Once the line with "JOAN MIRO WA" is found in the entries below, repeat it and each following line exactly, up to and including the line with "Segbeauty Soap Dispenser Labels - Image 3". Add no other lines.

Dataset records
▽
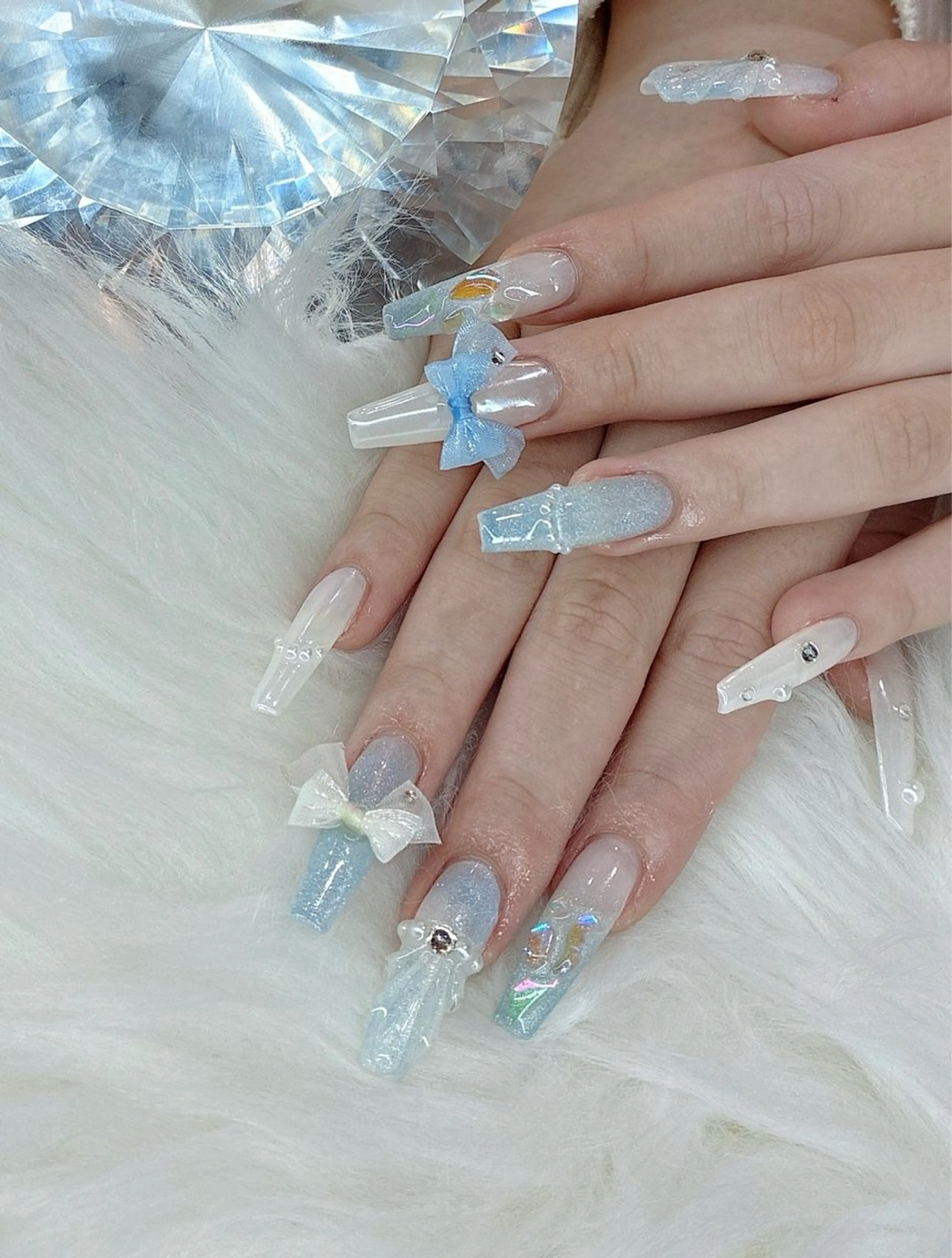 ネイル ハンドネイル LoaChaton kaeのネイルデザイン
△
▽
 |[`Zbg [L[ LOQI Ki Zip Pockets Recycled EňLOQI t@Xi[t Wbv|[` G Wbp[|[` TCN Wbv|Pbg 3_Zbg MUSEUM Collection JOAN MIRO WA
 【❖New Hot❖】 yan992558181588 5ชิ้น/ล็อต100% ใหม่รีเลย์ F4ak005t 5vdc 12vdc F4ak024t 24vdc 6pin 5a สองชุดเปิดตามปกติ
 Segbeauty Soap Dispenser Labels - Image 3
△
Result for this task
 |[`Zbg [L[ LOQI Ki Zip Pockets Recycled EňLOQI t@Xi[t Wbv|[` G Wbp[|[` TCN Wbv|Pbg 3_Zbg MUSEUM Collection JOAN MIRO WA
 【❖New Hot❖】 yan992558181588 5ชิ้น/ล็อต100% ใหม่รีเลย์ F4ak005t 5vdc 12vdc F4ak024t 24vdc 6pin 5a สองชุดเปิดตามปกติ
 Segbeauty Soap Dispenser Labels - Image 3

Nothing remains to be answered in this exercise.